A major obstacle for NAFLD research was, up to now, that biopsies of patients and healthy individuals were required. The Düsseldorf researchers elegantly solved this problem by reprogramming skin cells into so called induced pluripotent stem cells which they differentiated into hepatocyte like cells. “Although our hepatocyte-like cells are not fully mature, they are already an excellent model system for the analysis of such a complex disease”, explains Dr. Nina Graffmann, first author of the study.

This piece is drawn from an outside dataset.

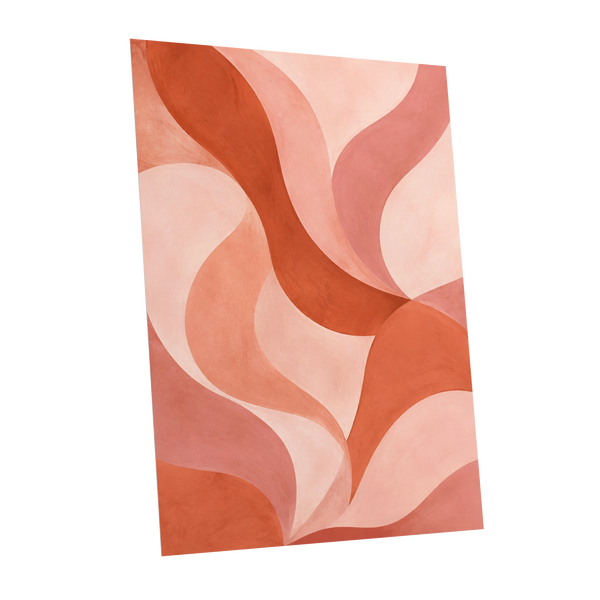 Apricot Ribbons, orange, pink, beige abstract wall art shown as a unframed poster wall art print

The researchers recapitulated important steps of the disease in vitro. For example they demonstrated up-regulation of PLIN2, a protein that covers lipid droplets. Mice without PLIN2 do not become obese, even when overfed with a high fat diet. Also the key role of PPARα, a transcription factor involved in controlling glucose and lipid metabolism, was reproduced in the in vitro system.
“In our system, we can efficiently induce lipid storage in hepatocyte-like cells and manipulate associated proteins or microRNAs by adding various factors into the culture. Thus, our in vitro model offers the opportunity to analyse drugs which might reduce the stored fat in hepatocytes” says Dr. Graffmann.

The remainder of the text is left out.